Task instructions:
In full and word for word, copy the records that follow.

Records provided:
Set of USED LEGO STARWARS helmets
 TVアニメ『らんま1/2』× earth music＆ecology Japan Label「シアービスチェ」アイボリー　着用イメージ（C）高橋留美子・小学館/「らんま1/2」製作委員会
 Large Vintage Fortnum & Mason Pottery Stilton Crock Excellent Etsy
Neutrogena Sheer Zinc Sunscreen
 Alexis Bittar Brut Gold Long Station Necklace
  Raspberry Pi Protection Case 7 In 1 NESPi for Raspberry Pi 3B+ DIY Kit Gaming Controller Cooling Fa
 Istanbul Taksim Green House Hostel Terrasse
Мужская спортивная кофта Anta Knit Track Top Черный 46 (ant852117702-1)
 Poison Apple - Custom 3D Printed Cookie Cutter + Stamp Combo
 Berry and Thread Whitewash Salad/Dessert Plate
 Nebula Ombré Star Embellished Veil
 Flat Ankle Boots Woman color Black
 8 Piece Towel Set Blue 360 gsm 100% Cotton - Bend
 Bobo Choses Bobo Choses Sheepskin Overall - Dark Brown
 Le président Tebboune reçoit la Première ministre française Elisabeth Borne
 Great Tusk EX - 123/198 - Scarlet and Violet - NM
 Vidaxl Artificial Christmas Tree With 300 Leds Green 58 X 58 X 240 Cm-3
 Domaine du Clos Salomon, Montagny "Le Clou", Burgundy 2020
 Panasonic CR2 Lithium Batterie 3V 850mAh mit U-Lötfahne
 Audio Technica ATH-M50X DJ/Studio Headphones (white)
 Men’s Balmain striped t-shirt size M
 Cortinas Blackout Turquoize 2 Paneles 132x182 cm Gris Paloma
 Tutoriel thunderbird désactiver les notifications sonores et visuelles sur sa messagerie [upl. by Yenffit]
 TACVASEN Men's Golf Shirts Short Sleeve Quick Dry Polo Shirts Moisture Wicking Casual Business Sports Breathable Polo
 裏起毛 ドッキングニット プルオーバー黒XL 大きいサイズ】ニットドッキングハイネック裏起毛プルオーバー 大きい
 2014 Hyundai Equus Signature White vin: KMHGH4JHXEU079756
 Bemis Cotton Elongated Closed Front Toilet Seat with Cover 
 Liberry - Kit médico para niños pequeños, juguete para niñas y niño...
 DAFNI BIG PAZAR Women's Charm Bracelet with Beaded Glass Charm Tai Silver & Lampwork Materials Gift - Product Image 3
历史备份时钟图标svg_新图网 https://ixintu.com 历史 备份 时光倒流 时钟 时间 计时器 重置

Solved exercise:
Set of USED LEGO STARWARS helmets
 TVアニメ『らんま1/2』× earth music＆ecology Japan Label「シアービスチェ」アイボリー　着用イメージ（C）高橋留美子・小学館/「らんま1/2」製作委員会
 Large Vintage Fortnum & Mason Pottery Stilton Crock Excellent Etsy
Neutrogena Sheer Zinc Sunscreen
 Alexis Bittar Brut Gold Long Station Necklace
  Raspberry Pi Protection Case 7 In 1 NESPi for Raspberry Pi 3B+ DIY Kit Gaming Controller Cooling Fa
 Istanbul Taksim Green House Hostel Terrasse
Мужская спортивная кофта Anta Knit Track Top Черный 46 (ant852117702-1)
 Poison Apple - Custom 3D Printed Cookie Cutter + Stamp Combo
 Berry and Thread Whitewash Salad/Dessert Plate
 Nebula Ombré Star Embellished Veil
 Flat Ankle Boots Woman color Black
 8 Piece Towel Set Blue 360 gsm 100% Cotton - Bend
 Bobo Choses Bobo Choses Sheepskin Overall - Dark Brown
 Le président Tebboune reçoit la Première ministre française Elisabeth Borne
 Great Tusk EX - 123/198 - Scarlet and Violet - NM
 Vidaxl Artificial Christmas Tree With 300 Leds Green 58 X 58 X 240 Cm-3
 Domaine du Clos Salomon, Montagny "Le Clou", Burgundy 2020
 Panasonic CR2 Lithium Batterie 3V 850mAh mit U-Lötfahne
 Audio Technica ATH-M50X DJ/Studio Headphones (white)
 Men’s Balmain striped t-shirt size M
 Cortinas Blackout Turquoize 2 Paneles 132x182 cm Gris Paloma
 Tutoriel thunderbird désactiver les notifications sonores et visuelles sur sa messagerie [upl. by Yenffit]
 TACVASEN Men's Golf Shirts Short Sleeve Quick Dry Polo Shirts Moisture Wicking Casual Business Sports Breathable Polo
 裏起毛 ドッキングニット プルオーバー黒XL 大きいサイズ】ニットドッキングハイネック裏起毛プルオーバー 大きい
 2014 Hyundai Equus Signature White vin: KMHGH4JHXEU079756
 Bemis Cotton Elongated Closed Front Toilet Seat with Cover 
 Liberry - Kit médico para niños pequeños, juguete para niñas y niño...
 DAFNI BIG PAZAR Women's Charm Bracelet with Beaded Glass Charm Tai Silver & Lampwork Materials Gift - Product Image 3
历史备份时钟图标svg_新图网 https://ixintu.com 历史 备份 时光倒流 时钟 时间 计时器 重置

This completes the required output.